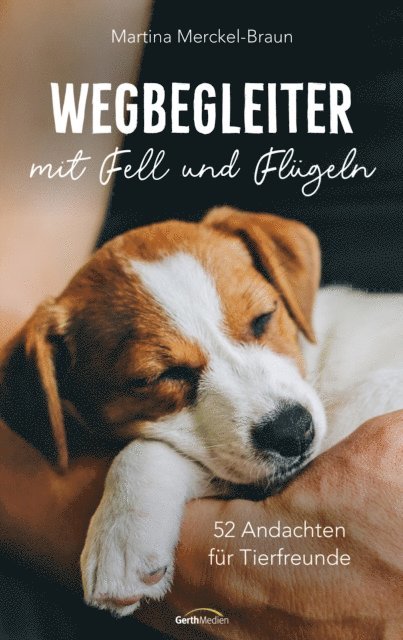 Martina Merckel-Braun - Wegbegleiter mit Fell und Flügeln, E-bok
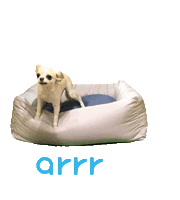 아르르 Sticker by arrr_official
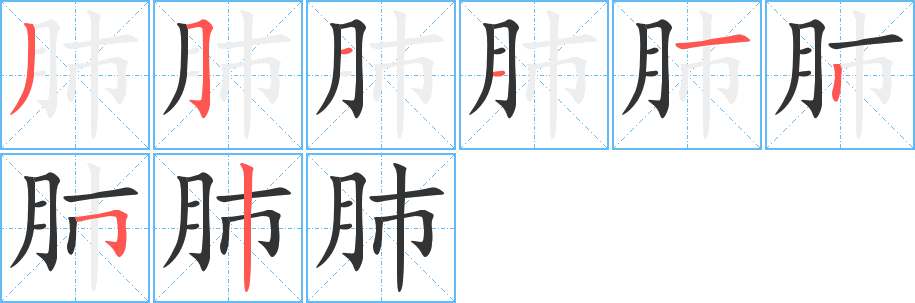 肺的笔顺分步演示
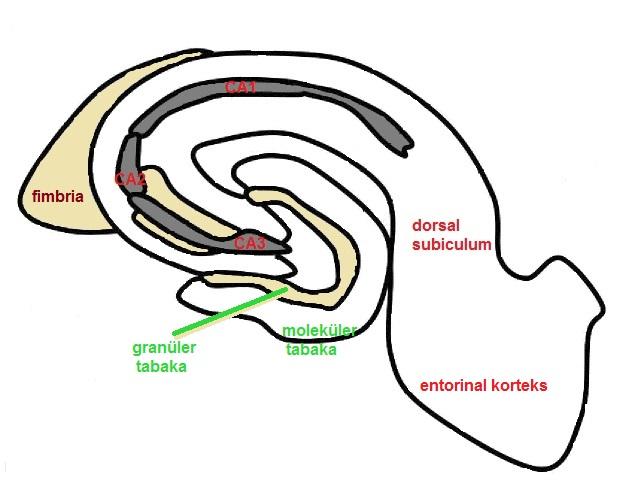 Şekil 2.1. Hipokampusün anatomik yapısı 2.1.6.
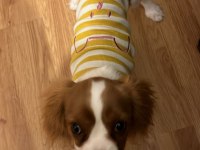 5 aylık cavalier king charles köpeğimiz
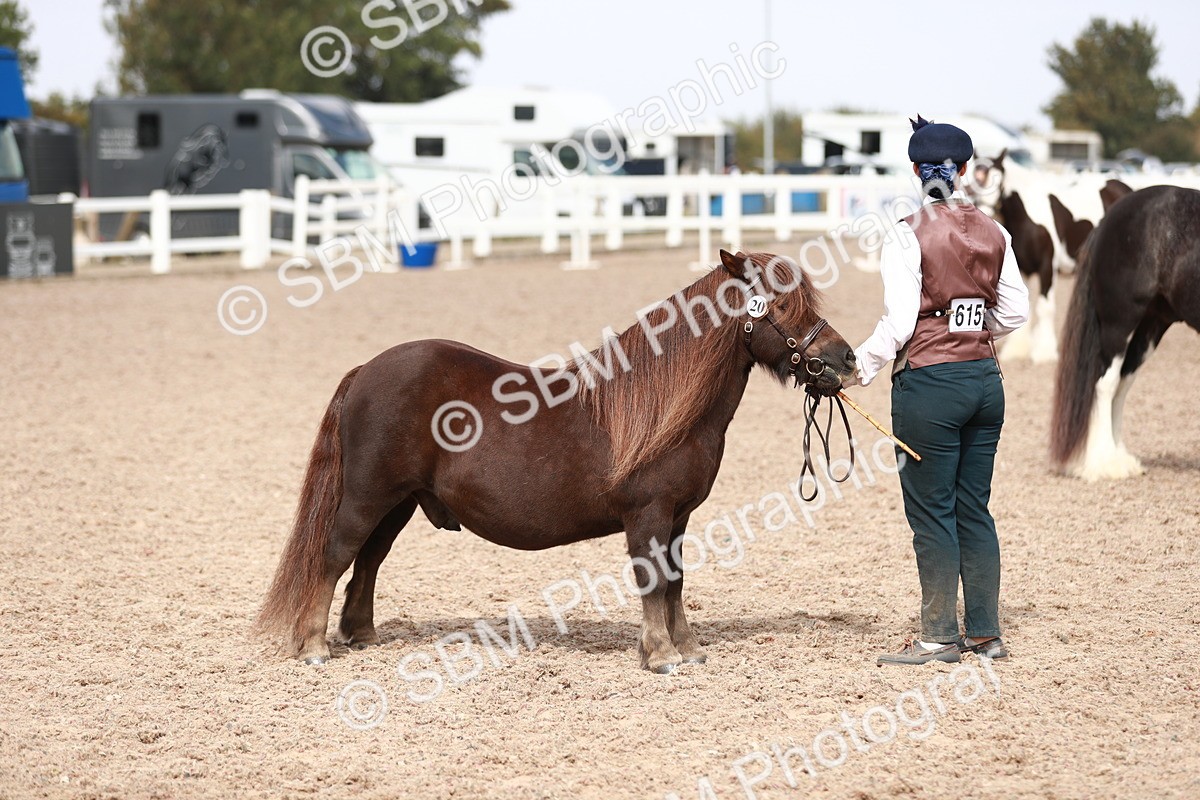 SBM_13925 - Class 209 IH Veteran Pony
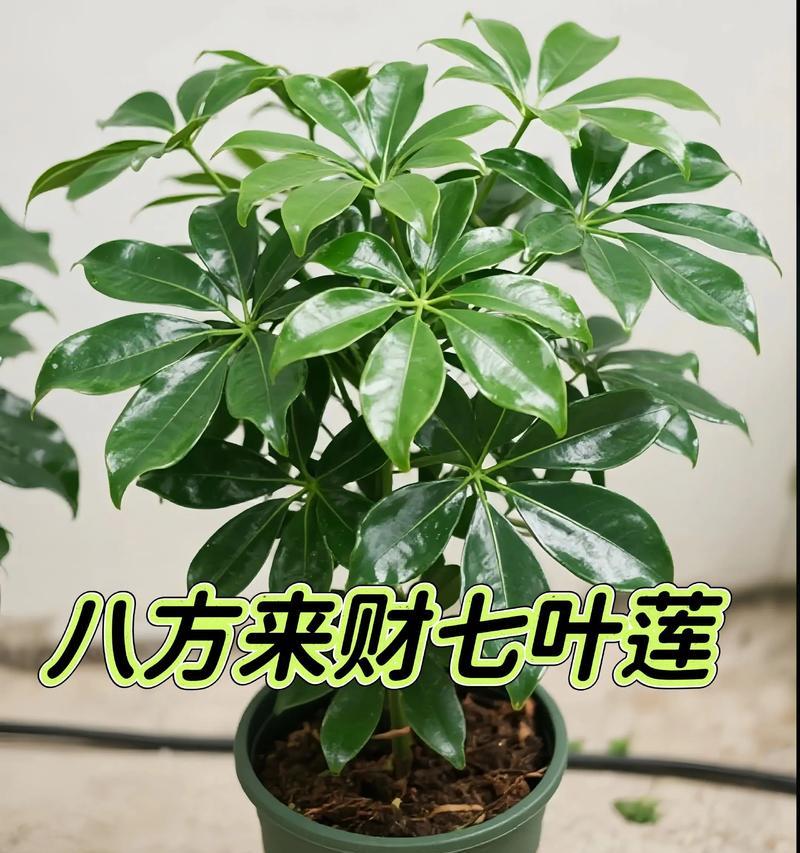 七叶莲，一种好养活的水生植物（适合初学者的养护技巧和繁殖方法）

**EXERCISE DESCRIPTION**. An exact copy of the records above is needed, free of pictures.

**COMPLETED TASK**.
 Martina Merckel-Braun - Wegbegleiter mit Fell und Flügeln, E-bok
 아르르 Sticker by arrr_official
 肺的笔顺分步演示
 Şekil 2.1. Hipokampusün anatomik yapısı 2.1.6.
 5 aylık cavalier king charles köpeğimiz
 SBM_13925 - Class 209 IH Veteran Pony
 七叶莲，一种好养活的水生植物（适合初学者的养护技巧和繁殖方法）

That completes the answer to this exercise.